# feeding baby adders



## slippery42 (Mar 23, 2008)

A video I did tonight
Feeding baby Adders "Vipera berus".mov - YouTube


----------



## davidfitch (Nov 19, 2008)

Stunning babies were they hard to get feeding to start with?


----------



## Tatter (Oct 8, 2011)

I was just looking at how small it is and thought it'd never eat a pinkie, xD
Just curious, how are they're housing? Do they require lots of hides as hatchlings or much water? Just asking because there appeared to be very little in your RUB, even if it was such a small hatchling.


----------



## TEENY (Jan 4, 2008)

Beautiful little snakes i love adders, i used to go out with my dad and look for them when i was little. Don't see them about as much now tho


----------



## slippery42 (Mar 23, 2008)

Tatter said:


> I was just looking at how small it is and thought it'd never eat a pinkie, xD
> Just curious, how are they're housing? Do they require lots of hides as hatchlings or much water? Just asking because there appeared to be very little in your RUB, even if it was such a small hatchling.


That is how they arrived and they seem happy.

No water though! 

I spray them heavily before feeding them.

The back of the rub is on a heat mat (a very small area) for basking and the heat goes off at night so they get cold.

Pinkies every 4th day at present


----------



## Varanaman (Apr 13, 2007)

*Vipera berus babies*

Great Video !

In the wild new born adders are found most commonly near ponds and streams. They swim a lot and their main diet seems to be froglets.
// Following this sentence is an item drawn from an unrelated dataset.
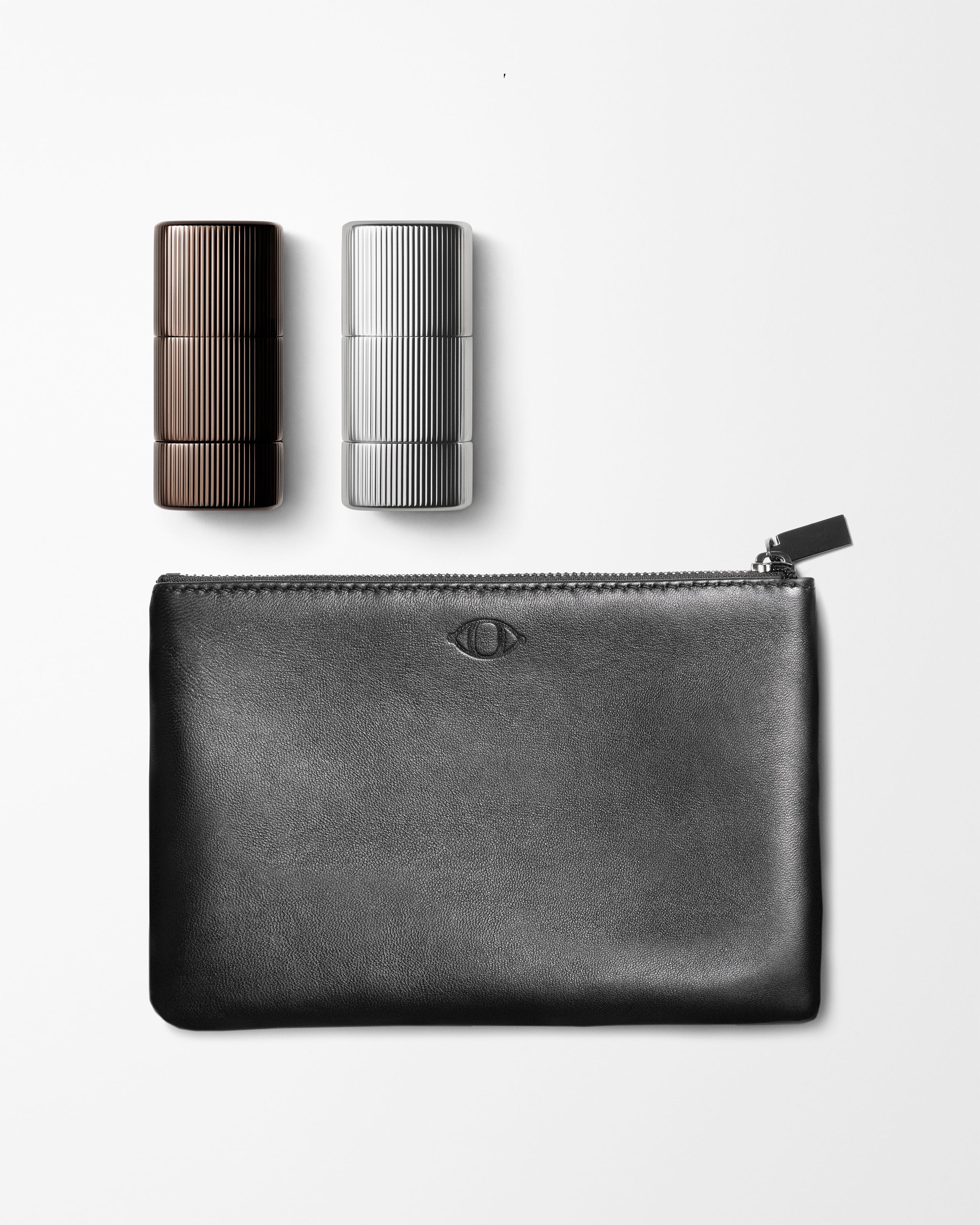 Make up kit for men laying on a grey background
See "_*The Private Life of Adders *_" by Roger McPhail, pages 63-68

_Richard _


----------



## slippery42 (Mar 23, 2008)

Varanaman said:


> Great Video !
> 
> In the wild new born adders are found most commonly near ponds and streams. They swim a lot and their main diet seems to be froglets.
> 
> ...


Have you read the book?

I'd disagree with a statement of that nature as most of my baby adders are found on open moor with little water and when your find them they seem to have common lizards inside them.

I was wondering whether to buy it or not


----------



## Varanaman (Apr 13, 2007)

I've got the book, and read it cover to cover. 
The photos in it are great but the text does not go into enough detail for me. 
They have "padded out" the book by using a larger-than-normal font / typeface which made me feel it was over-priced even from Amazon.co.uk.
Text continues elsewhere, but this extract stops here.